From its inception, the English company established a local agency to run the South African operations and appointed local directors to operate under regulations drawn up by the English company. Francis Oates was among the first of the local directors to be appointed and later that same year he was appointed as a director to the Board of the English company. The Defendants claim that the English company did not concern itself with the actual mining operations but merely owned the land and the mineral rights over the land and paid anyone who brought mineral fibre to its store. This appears to have been the pattern in the early days, according to the potted history reproduced at E/47 of exhibit "RM1".

Another development which may have some relevance in view of a late application by the Plaintiffs, was the acquisition of an Italian factory near Turin in 1894 to experiment in the manufacture of goods from Cape Blue. These operations were funded from London and the history of the company (E/52) describes the position thus : "After a year the company had little to show financially, but it had its two legs firmly planted in South Africa and Italy, a virile system of arteries running from London to many countries abroad, and an energetic leader in the shape of the peripatetic Mr Oates" There then follows on that page an extract from his speech to the shareholders in which he extols the virtues of the company and the operations in mining and manufacturing of blue asbestos.

The Boer War interrupted the mining of Cape Blue until 1903 and by 1905 the mine at Prieska was in full operation. In 1914 brown asbestos, called Amozite was mined in Penge, named after the London suburb. In 1916 Egnep Limited and Amosa Limited were registered to exploit the deposits of brown asbestos or amosite at Penge. London Cape bought amozite and processed it at its factory in Barking, Essex. In the early 1920s London Cape contemplated acquiring the mines at Penge, but the depression intervened and it was not until September 1925 that London Cape acquired both Egnep and Amosa.

After the Second World War the demand for asbestos increased.
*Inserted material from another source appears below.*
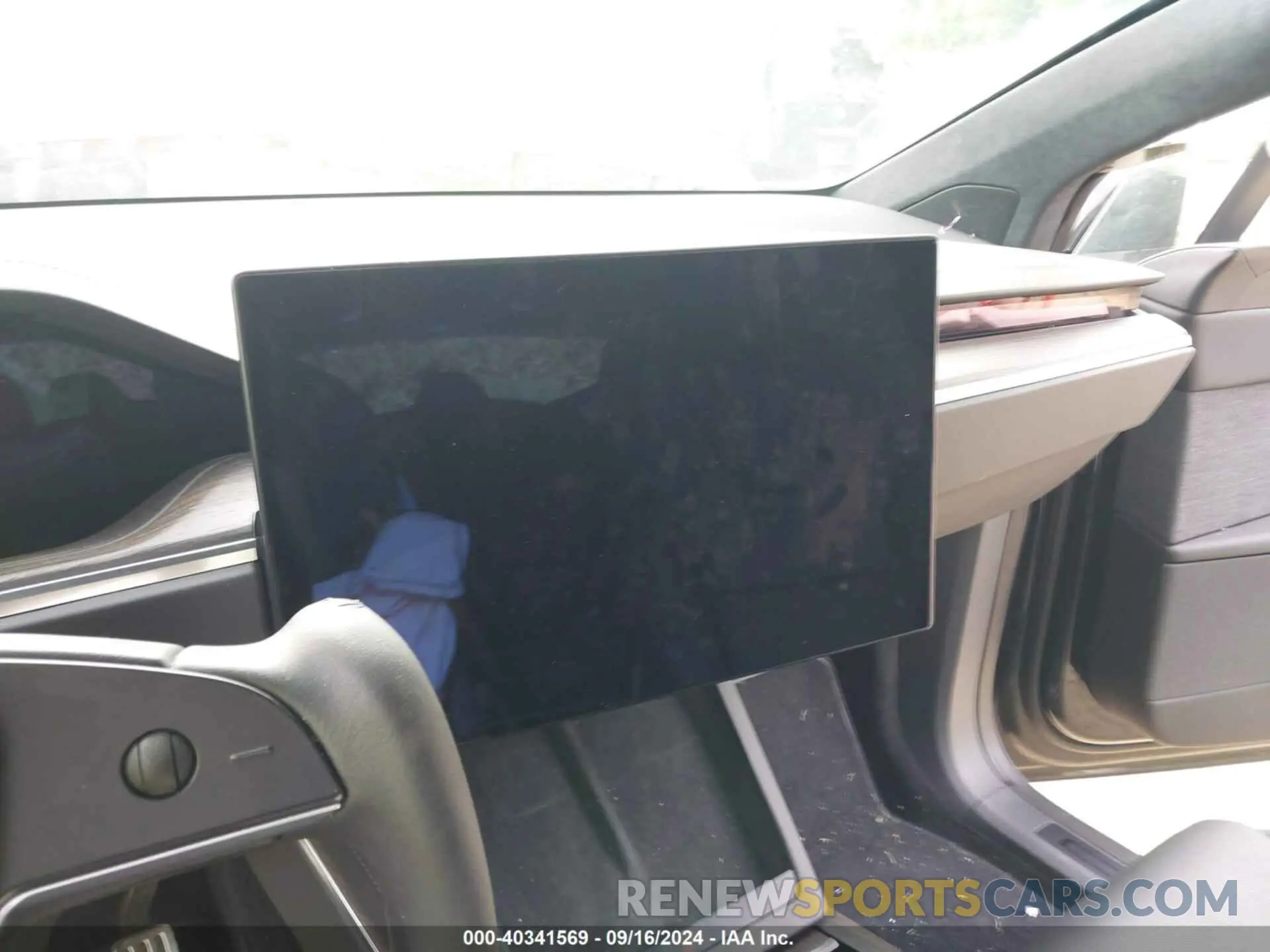 17 Photograph of a damaged car 7SAXCDE54PF368570 TESLA MODEL X 2023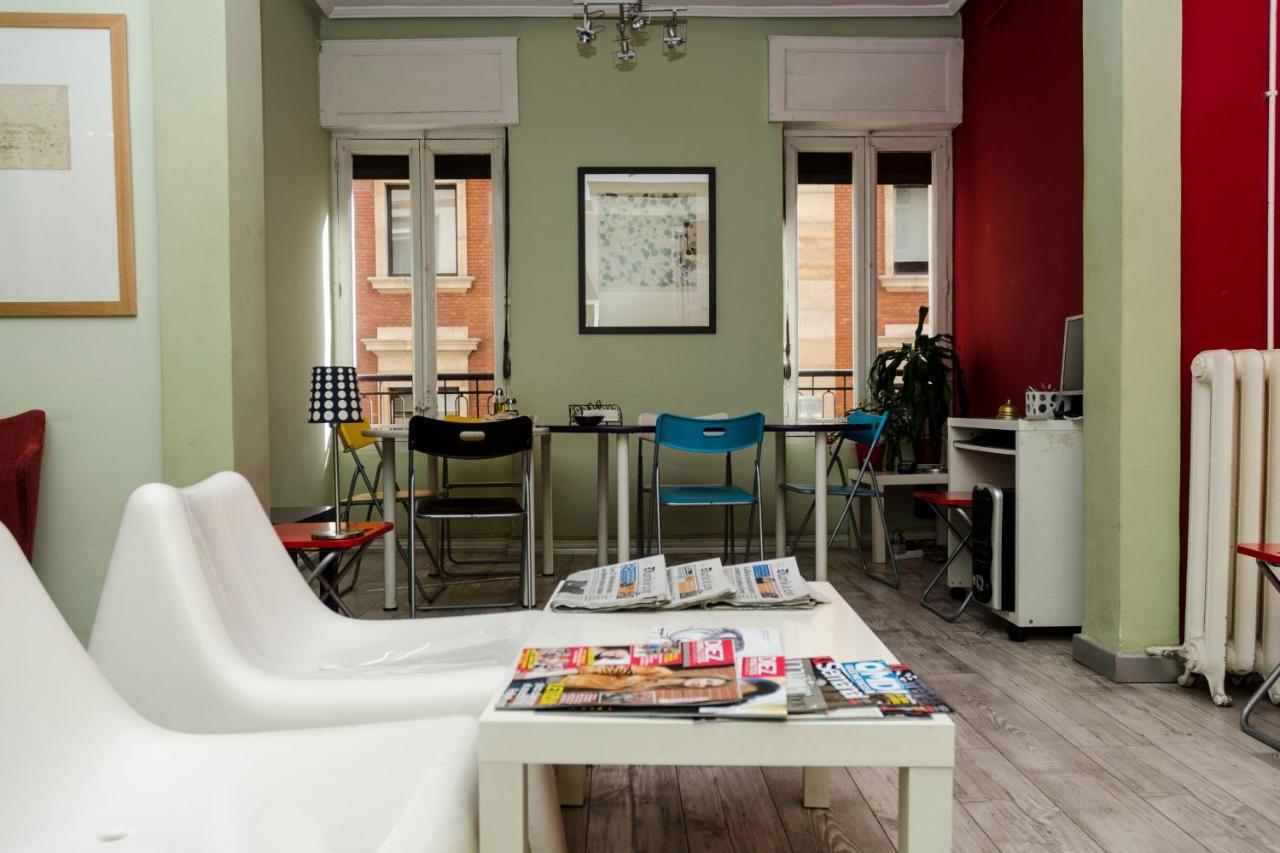 Pension Blanca B&B Leon Bagian luar foto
The Cape Blue mining operations were run from Kimberley by the local Board of Directors established in 1894 and the amozite mining at Penge was run by Egnep from Cape Town. It is not disputed that up to 1948, London Cape controlled the operations in South Africa.

In 1948 two new companies were formed : Cape Asbestos South Africa (Pty) Limited ("CASAP") a subsidiary of London Cape as a holding company, and Cape Blue Mines (Pty) Limited to acquire the Cape Blue mining assets. A Mr Riley was sent out from London to take up a permanent appointment controlling the whole of London Cape's asbestos operations in South Africa. He retained his seat on the Board of Cape London and reorganised the structure of the South African companies by transferring them all to Johannesburg.

By the end of the Second World War London Cape controlled the whole operations of asbestos production from "mine to manufacture" through a host of subsidiary companies. At...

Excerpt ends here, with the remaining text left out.